# LATINOAMERICA COMO LA UNION EUROPEA!!



## Juan1912 (Jul 15, 2004)

antofasky said:


> oigan como k tarde o temprano Ecuador sera una provincia Peruana, son casi iguales ..una pregunta ..*ustedes no eran tan amigos de los Bolivianos? * pregunto pk como dicen k son una carga ..en todo caso ..si lo son! :|


una cosa es ser un amigo y otra cosa es ser un wevon que tenga que cargar con las consecuencias del otro


----------



## Bratzo (Jun 11, 2003)

mira se q hablas x mi...yo no digo que mañana sea toda una gran republica....hablo del sentimiento de los foristas peruanos..que lo ultimo que quieren es la integracion...JAMAS he dicho que es facil...JAMAS he dihco que es rapido...se que cuesta...pero no puedo creer que personas con un minimo de inteligencia, y que han terminado la secundaria...piensen que unirse con otro pais es peor....como una integracion va a ser mala para uno de los dos paises??? PARA ESO SE HACEN ACUERDOS...se crean normas, pautas y limites...lo ultimo que un pais haria seria permitir algo que lo perjudique.....


----------



## J Block (Feb 16, 2004)

Bien dicho Juan.


----------



## J Block (Feb 16, 2004)

Jajaja...ok Bratzo, lo que tu digas, integrate pues, que esperas?


----------



## Filter (Apr 9, 2005)

Perú sí tiene tratados con varios países de A.Latina, no se donde esta el revuelo... la Union Sudamericana de Naciones se dió en Cusco, Perú....


----------



## Bratzo (Jun 11, 2003)

YO HABLO SOLAMENTE DE LOS FORISTAS!!! que tanto les cuesta entender eso...ok j block gracias..


----------



## Chalaco (Aug 29, 2004)

No fue Bolivar quien hizo que el alto Peru sea una republica aparte? Y tambien le quito Guayaquil al Peru para la Gran Colombia.....

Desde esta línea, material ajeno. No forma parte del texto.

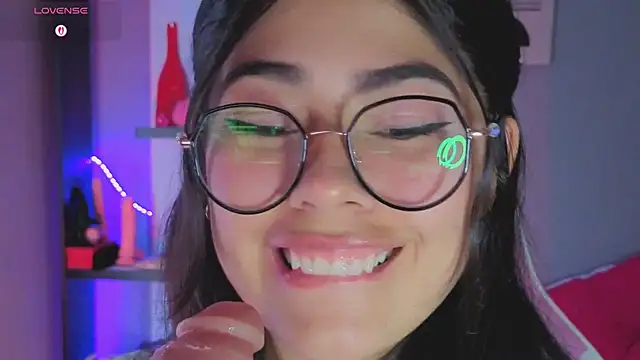 LoaLuxury online show from February 22, 5:22 pm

Hay acuerdos Bratzo...y hay una pagina tambien que habla del plan binacional con el Ecuador. Es algo chevere...hay cinco ejes viales planeados o que ya estan hechos pero necesitan ser renovados.


----------



## J Block (Feb 16, 2004)

Bratzo said:


> YO HABLO SOLAMENTE DE LOS FORISTAS!!! que tanto les cuesta entender eso...ok j block gracias..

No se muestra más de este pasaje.